Image-caption web data:
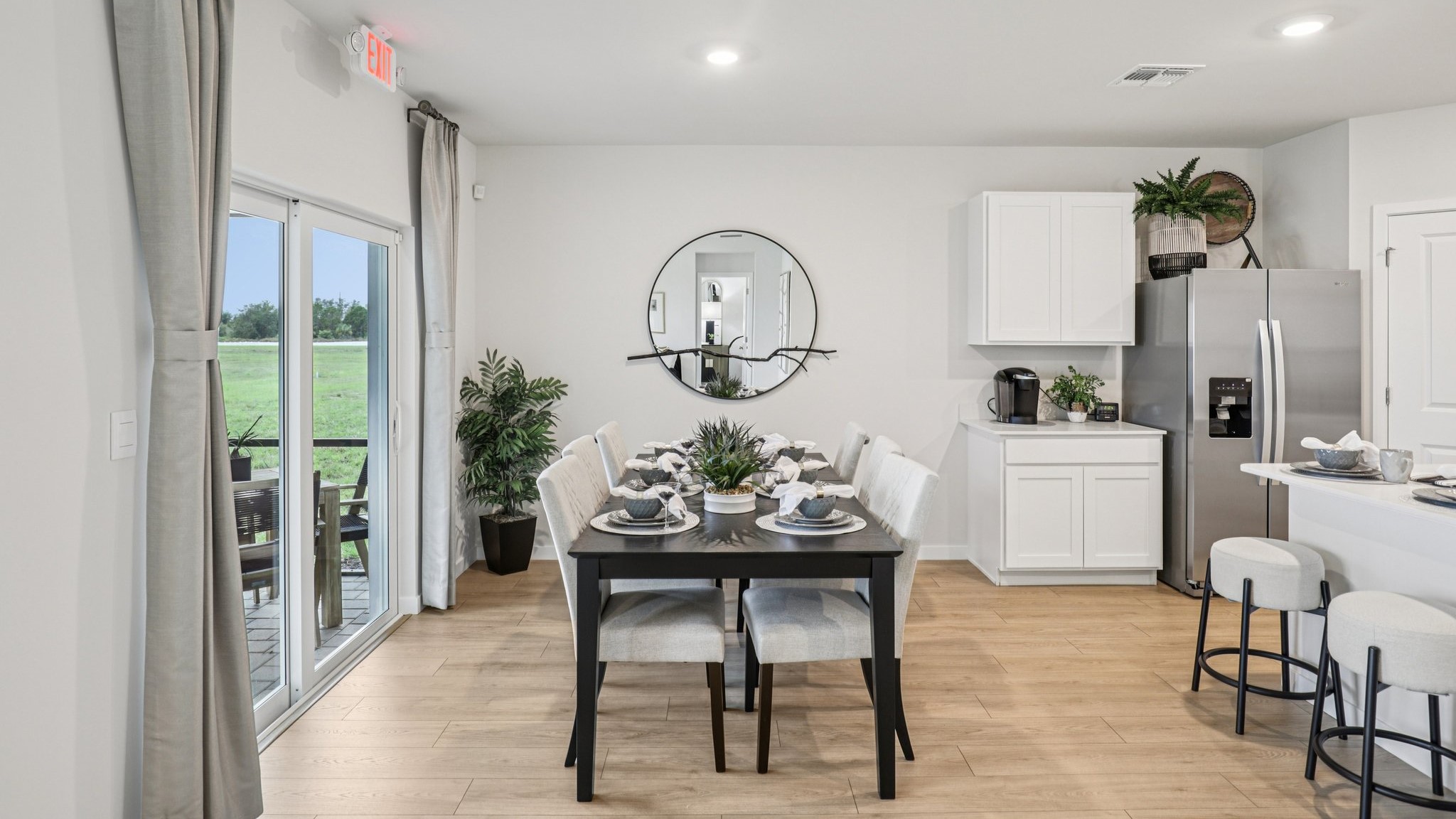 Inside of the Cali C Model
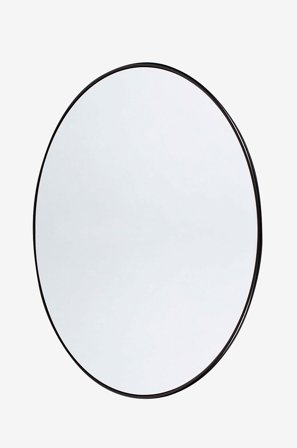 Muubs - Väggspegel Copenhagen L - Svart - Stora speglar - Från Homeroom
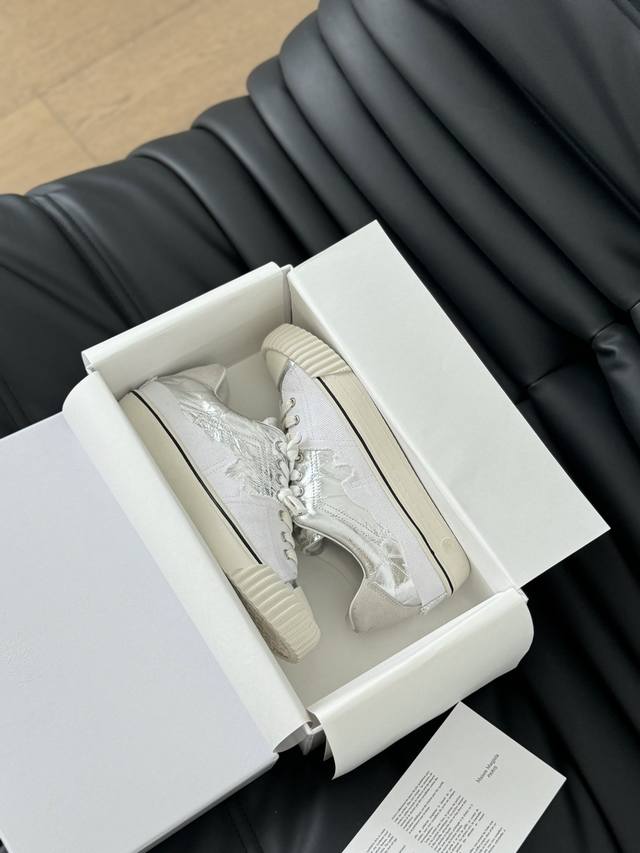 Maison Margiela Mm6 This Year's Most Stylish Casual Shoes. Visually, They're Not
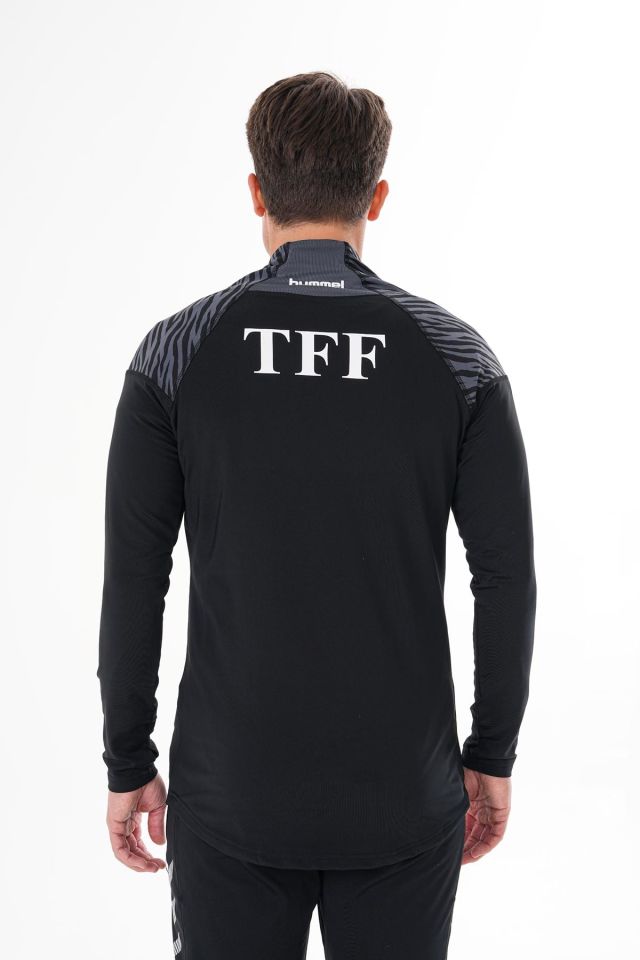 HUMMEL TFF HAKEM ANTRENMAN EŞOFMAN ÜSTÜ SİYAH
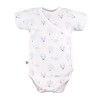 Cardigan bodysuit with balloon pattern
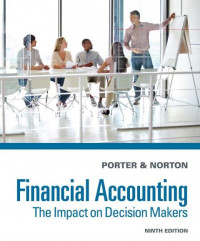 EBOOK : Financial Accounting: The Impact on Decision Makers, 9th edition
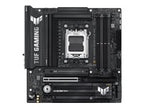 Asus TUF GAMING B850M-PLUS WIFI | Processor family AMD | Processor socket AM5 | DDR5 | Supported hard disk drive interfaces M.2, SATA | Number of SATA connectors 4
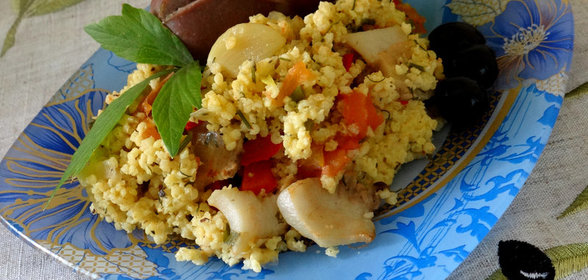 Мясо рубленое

What you need to do:
Your answer should be the lines from the opening of the records through the line with "Cardigan bodysuit with balloon pattern", both ends retyped exactly and pictures left out.

Task output:
 Inside of the Cali C Model
 Muubs - Väggspegel Copenhagen L - Svart - Stora speglar - Från Homeroom
 Maison Margiela Mm6 This Year's Most Stylish Casual Shoes. Visually, They're Not
 HUMMEL TFF HAKEM ANTRENMAN EŞOFMAN ÜSTÜ SİYAH
 Cardigan bodysuit with balloon pattern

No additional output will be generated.